Without investments, the value of people’s earnings would consistently drop over the years due to inflation. They’d also have to worry about where to reliably store their money – savings accounts would collectively be filled to the proverbial brim. Thankfully, we do have investments, another name for vehicles that store money and are used to generate more money for their owners.
Most people choose conservative investments that carry low risk and reasonable returns. These returns beat out inflation by a few points, though they’re highly unlikely to earn their owners any substantial amounts of money. However, a small portion of investors – both business- and personal-use investors – turn to alternative asset management companies to generate higher returns on their investments, though they often tote along larger risks than their safer, more boring counterparts.
Fortress Investment Group is an alternative asset management firm based in New York City that helps roughly 2,000 individuals and businesses earn extraordinarily high returns without having to invest in instruments that aren’t likely to yield anything of value – take junk bonds, for example. The company was created in 1998 by a trio of business partners: Wesley “Wes” Edens, Robert “Rob” Kauffman, and Randal “Randy” Nardone.

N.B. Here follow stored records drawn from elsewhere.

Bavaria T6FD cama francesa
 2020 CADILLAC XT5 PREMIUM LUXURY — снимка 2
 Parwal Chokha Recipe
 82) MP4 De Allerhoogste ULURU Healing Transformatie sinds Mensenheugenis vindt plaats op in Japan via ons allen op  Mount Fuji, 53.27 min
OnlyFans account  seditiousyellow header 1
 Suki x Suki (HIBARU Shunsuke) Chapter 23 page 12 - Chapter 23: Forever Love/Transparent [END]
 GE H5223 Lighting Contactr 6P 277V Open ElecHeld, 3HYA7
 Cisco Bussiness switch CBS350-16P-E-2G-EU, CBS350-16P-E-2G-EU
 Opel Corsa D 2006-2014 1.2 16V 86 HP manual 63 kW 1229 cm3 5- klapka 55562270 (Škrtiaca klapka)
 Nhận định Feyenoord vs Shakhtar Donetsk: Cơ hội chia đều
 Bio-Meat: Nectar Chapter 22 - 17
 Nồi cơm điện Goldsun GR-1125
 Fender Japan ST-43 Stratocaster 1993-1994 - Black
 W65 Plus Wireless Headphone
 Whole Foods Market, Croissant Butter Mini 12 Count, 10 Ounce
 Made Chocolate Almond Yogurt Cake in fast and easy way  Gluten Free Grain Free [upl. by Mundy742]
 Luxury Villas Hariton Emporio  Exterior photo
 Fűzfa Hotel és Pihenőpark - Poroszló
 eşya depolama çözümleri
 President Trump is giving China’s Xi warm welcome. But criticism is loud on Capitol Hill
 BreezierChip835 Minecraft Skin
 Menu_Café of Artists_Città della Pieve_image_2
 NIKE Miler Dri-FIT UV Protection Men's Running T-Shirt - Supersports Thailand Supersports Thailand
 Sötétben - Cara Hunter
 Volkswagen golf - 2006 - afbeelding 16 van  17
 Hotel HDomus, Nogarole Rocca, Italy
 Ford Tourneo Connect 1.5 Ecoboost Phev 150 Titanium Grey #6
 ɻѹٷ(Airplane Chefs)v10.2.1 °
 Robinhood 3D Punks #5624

Fortress Investment Group currently has about $40 billion of assets under management that its 1,800-odd investors trust with the firm. Just last year – in July 2017 – Fortress Investment Group was bought out by an international business conglomerate that doesn’t often invest in opportunities outside of technology and the World Wide Web.
SoftBank Group Corporation bought out Fortress Investment Group for this simple reason
SoftBank of Japan gave $3.3 billion to the owners of Fortress in July 2017. SoftBank forked over roughly 40 percentage points’ worth of premium on its share prices at the time, effectively paying shareholders roughly $8 per share due to the transfer of ownership.
Here’s why SoftBank bought Fortress Investment Group – because it showed promise, for one, and the two companies agreed that Fortress would be run independently of SoftBank, a move that cut the number of employees who would have to work on nothing but the management of Fortress to zero.